From a freedom-perspective, the deeper question is that the law should not concern itself with highly subjective and arbitary concepts such as 'racism, xenophobia, and homophobia'.  Particularly when such concepts are being used in an arbitrary manner to curtail genuine and more fundamental 'freedoms' of all people, such as freedom-of-opinion (or expression) and (in the economic sphere) contractual freedoms.   

It is when governmental authorities abuse 'the law' in such a manner to further ideological agendas that your image of "the canary" and of "eroding freedoms" becomes relevant.


While I agree with marcfrans that "the law should not concern itself with highly subjective and arbitary concepts such as 'racism, xenophobia, and homophobia'" I do not think he has sufficiently addressed JordanR's point. In actual fact I do not think the law should concern itself with heterosexual marriage either, a common law marriage (defacto) and a religious one if that is what the couple wants to do should suffice. My point is that marriage is a legal matter for heterosexuals, and if for some reason gays also want the same legal benefits (of marriage) then I believe they are entitled. They can still choose not to be married. And then there is the question of gay adoption of course. I personally would rather have been raised by a gay couple than by my own mother, so I don't see why the law should have forbidden it. In actual fact, I was not able to be adopted by a Heterosexual couple because my mother forbade it, even though she was not my guardian after I was 2 years old - I cite this merely as an example of how wrong such laws can be.

On a similar note to where marcfrans was going: "The ultimate aim of politics is not politics, but the activities which can be practised within the political framework of the State.

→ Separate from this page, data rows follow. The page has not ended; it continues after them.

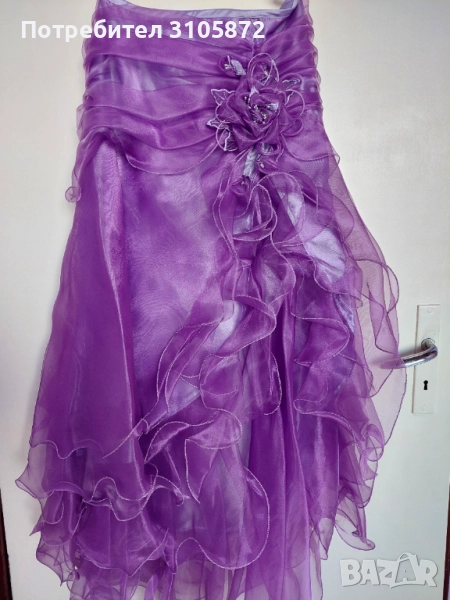 Продавам костюм , снимка 1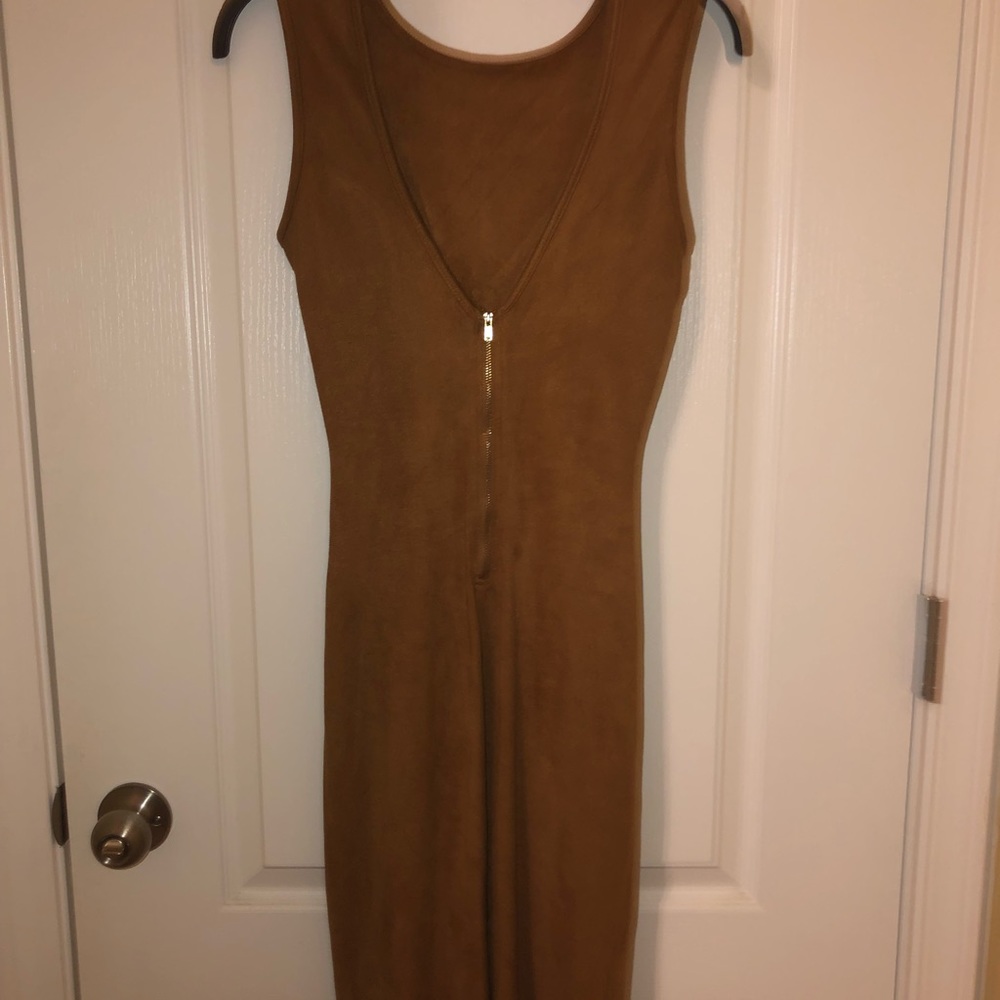 Bodycon Dress - Picture 8 of 8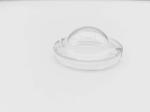 LKM 1g PMMA Injection Molding Mould Transparent Plastic Top Cover 500000shots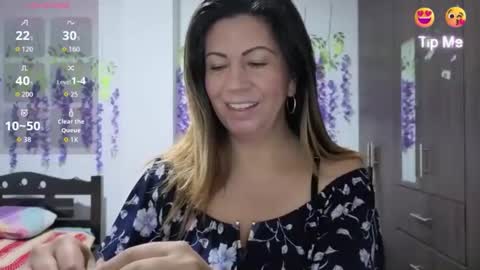 mmsexymm84 online show from 03/24/26, 10:53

Therefore an effective statement of these activities - such as science, art, religion - is in itself a declaration of ultimate aims around which the political means will crystallize ... A society with no values outside politics is a machine carrying its human cargo, with no purpose in its institutions reflecting their cares, eternal aspirations, loneliness, need for love" -Stephen Spender, from Life and the Poet.

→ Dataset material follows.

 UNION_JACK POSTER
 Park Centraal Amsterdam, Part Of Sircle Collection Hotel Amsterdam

Every time I want to embrace

Every time I want to embrace more right-of-center politics out comes the old gay-rights-equals-political-correctness which convinces me that the right, just like the left, are incapable of distinguishing between real threats and absurd illusions.

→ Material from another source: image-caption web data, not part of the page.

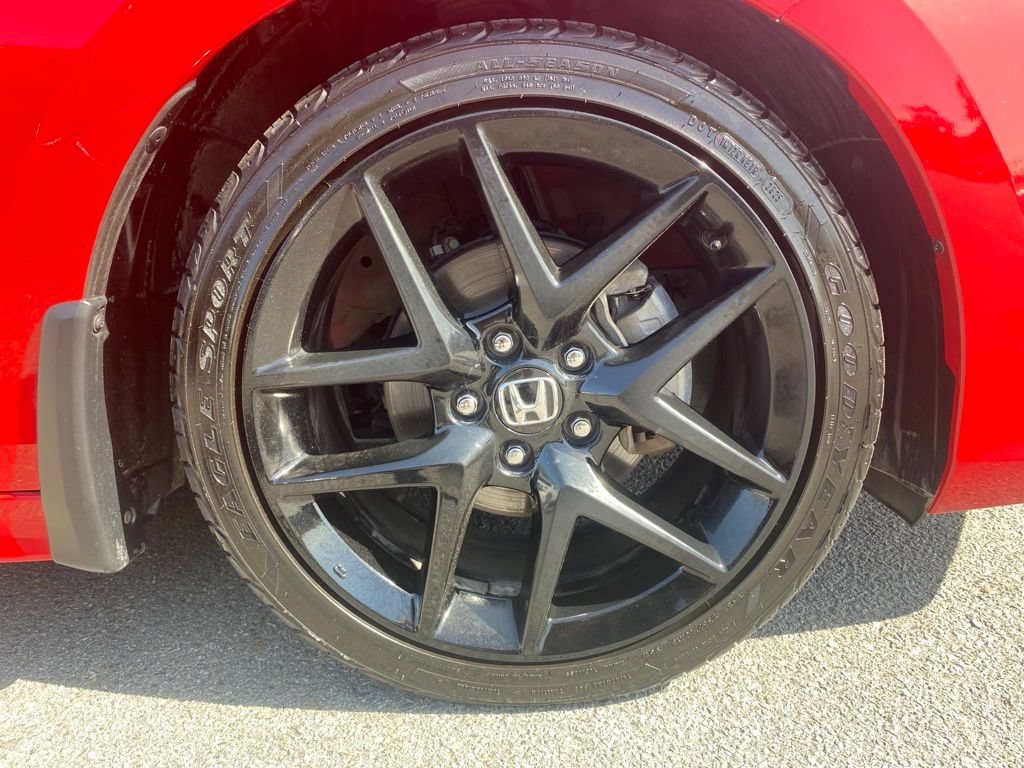 Used 2023 Honda Civic Sport image 34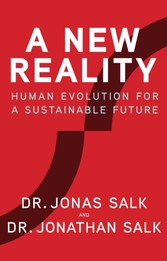 New Reality - Human Evolution for a Sustainable Future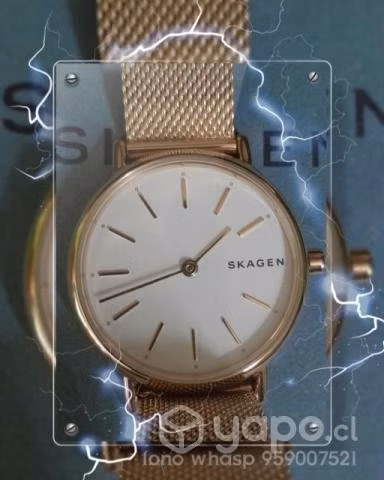 RELOG Skagen mujer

Gays do not want to terrorize Europe. Gays do not want to hurt innocent civilians in the name of "gayness". They just want the right to freedoms the rest of us enjoy. (aka "gay agenda") The idea that gays should be denied employment opportunities based on the their bedroom habits is contrary to the free and open society the right-wing parties claims to promote.

I hate political correctness as much as the next guy. But gays are not worthy of our fears. They constantly prove they can form successful monogamous relationships and make meaningful economic and social contributions to society.

Unfourtunately, gays also prove they are the classic "canaries in the coal-mine" when it comes to eroding liberties.

The bad part is that both

The bad part is that both the PM and President have rolled over to political correctness, after the Saeima earned their pay for once.

Incidentally, the bill in its existing edition says discrimination on the basis of sexual orientation : wouldn't that would also make it illegal to refuse to employ a paedophile (perhaps by a school) or a zoophile (an animal shelter) or necrophiliac (the morgue?)?

I wonder at what point the people of Europe gave a mandate to Brussels to fight rascism, xenophobia and homophobia, that is : fight both against us and in our name. And what principles built Europe which demand furthering some gay agenda??? Please, enlighten us Brussels.